Transpl Int. 1994;7 Suppl 1:S453-6. doi: 10.1111/j.1432-2277.1994.tb01417.x.
It has been demonstrated that the development of stable mixed lymphocyte chimerism is associated with alloimmune tolerance induction in vascularized bone marrow transplant (VBMT) recipients. The underlying mechanisms of immune non-responsiveness in tolerant VBMT chimeras remains unclear. Our VBMT model involves the transplantation of a parental donor limb (Lewis rats) onto a hybrid (Lewis x Brown Norway) F1 recipient. Tolerogenic mechanisms and cellular immune regulation to self and host allodeterminants were investigated during the early post-transplant phase of tolerance induction.
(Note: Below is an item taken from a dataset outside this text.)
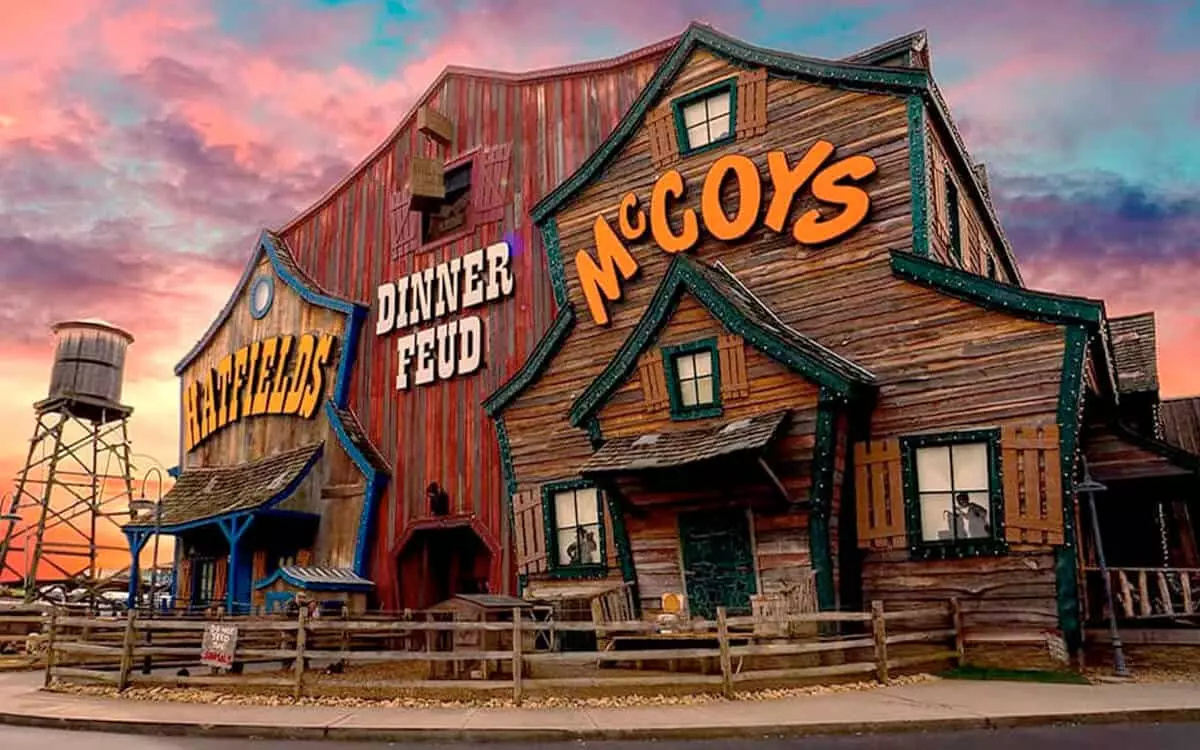 Pigeon Forge Dinner Show - Hatfield & McCoy Dinner Feud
Flow cytometric analysis of sIg+-depleted experimental peripheral blood lymphocytes from tolerant VBMT recipients demonstrated low level stable mixed immune chimerism. Chimeric cells tested for responsiveness against self-LEW determinants showed activated proliferation and immune dysregulation 30 days post-transplantation. However, direct immunocytolytic activity against LEW determinants was not found. Tolerant chimeras also demonstrated elevated cellular proliferation and cytolytic responses against host-specific BN allodeterminants at 30 days. Consistent with these in vitro findings, limited clinical signs compatible with GVH reactivity were evident in vivo at this time. Following this initial period, the tolerant VBMT animals returned to normal clinical condition and remained otherwise healthy throughout the study. Consistent with these results, VBMT chimeras then showed declining proliferative responses from the elevated values seen at 30 days against self-LEW determinants. Proliferative and immunocytolytic responses also decreased against host-specific BN allodeterminants from peak levels at 30 days. In conclusion, these results provide evidence that the initial phases of tolerance induction in VBMT chimeras consist of self- and alloimmune regulation that follow an early period of immune dysregulation. Sequential phases of immune dysregulation and re-regulation elucidated in VBMT stable mixed chimeras within the first 100-day period may represent important mechanisms of tolerance induction.
已证明,稳定混合淋巴细胞嵌合体的形成与血管化骨髓移植(VBMT)受者的同种免疫耐受诱导相关。耐受的VBMT嵌合体中免疫无反应性的潜在机制仍不清楚。我们的VBMT模型涉及将亲代供体肢体(Lewis大鼠)移植到杂种(Lewis×Brown Norway)F1受体上。在耐受诱导的移植后早期阶段,研究了对自身和宿主同种异体决定簇的致耐受机制和细胞免疫调节。对耐受的VBMT受者的sIg + 耗尽的实验外周血淋巴细胞进行流式细胞术分析,显示出低水平的稳定混合免疫嵌合体。测试针对自身LEW决定簇反应性的嵌合细胞在移植后30天显示出活化增殖和免疫失调。然而,未发现针对LEW决定簇的直接免疫细胞溶解活性。耐受的嵌合体在30天时也显示出针对宿主特异性BN同种异体决定簇的细胞增殖和细胞溶解反应升高。与这些体外研究结果一致,此时在体内明显可见与移植物抗宿主反应性相符的有限临床体征。在此初始阶段之后,耐受的VBMT动物恢复到正常临床状态,并在整个研究过程中保持健康。与这些结果一致,VBMT嵌合体随后显示出针对自身LEW决定簇的增殖反应从30天时的升高值下降。针对宿主特异性BN同种异体决定簇的增殖和免疫细胞溶解反应也从30天时的峰值水平下降。总之,这些结果提供了证据,表明VBMT嵌合体中耐受诱导的初始阶段包括在免疫失调早期之后的自身和同种免疫调节。在VBMT稳定混合嵌合体中阐明的免疫失调和重新调节的连续阶段可能代表耐受诱导的重要机制。